Get the kids interested?


----------



## James D (14 Oct 2014)

I'm ashamed to say I just lie through my teeth, it's for the good of the relationship though. 

Seriously, If I was starting up again I'd get used equipment off here or PFK for a fraction of the price of buying new.

If I was married to Ldcgroomer I'd definately have to put my foot down about the cost of that fish room!


----------



## Alastair (14 Oct 2014)

Wow I never realised how many members tell porkies just to prevent ear ache ha ha. 



At the end of the day, neither partner should have the say over what can and can't happen, should be equal. 
 I'd just do it anyway, what's the worst that can happen?? She finishes you, packs her bags and leaves, therefore giving you even more room for tanks. Yayyyy Win win.
obviously if it's to the point where your taking over under the stairs (cough lindy cough) then I'd have to have a word lol. Only joking. 

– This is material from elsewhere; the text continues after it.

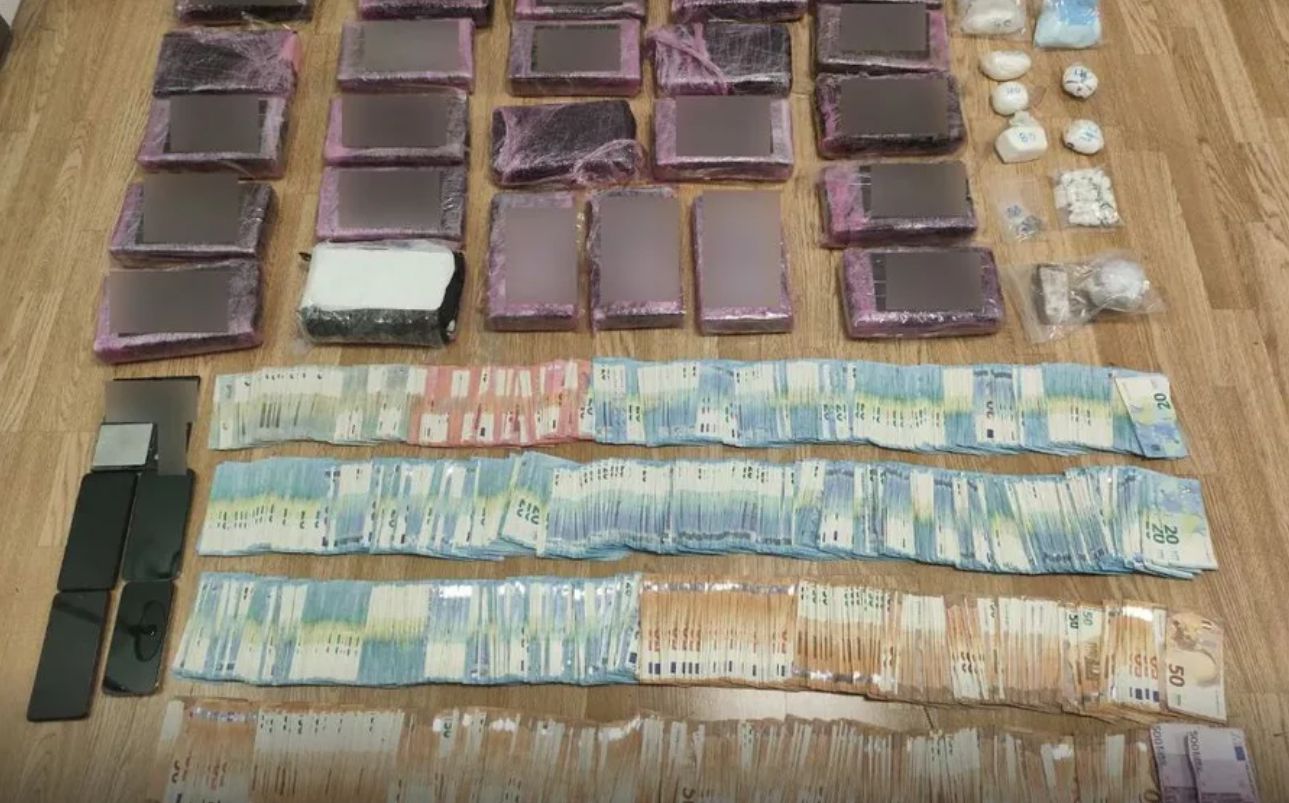 Τρεις συλλήψεις για κατοχή και διακίνηση ναρκωτικών – Kατασχέθηκαν πάνω από 27 κιλά κοκαΐνης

I can't say anything, my 3rd bedroom in my new house was to be a living room/study room for my daughter l.......................it's full of filters lights ferts substrates tanks you name it just enough space to get my bike in and out. 
Don't know where I'm squeezing Dan,  George and couple of others when I set my new tank up shortly


----------



## dw1305 (14 Oct 2014)

Hi all, 





glenn farrar said:


> so how do you do it what's the secret?


 Same as the others really, spend as little as possible, and then as cash. Try and buy things via Paypal, but only when my Paypal account is in credit. Get any parcels sent to work.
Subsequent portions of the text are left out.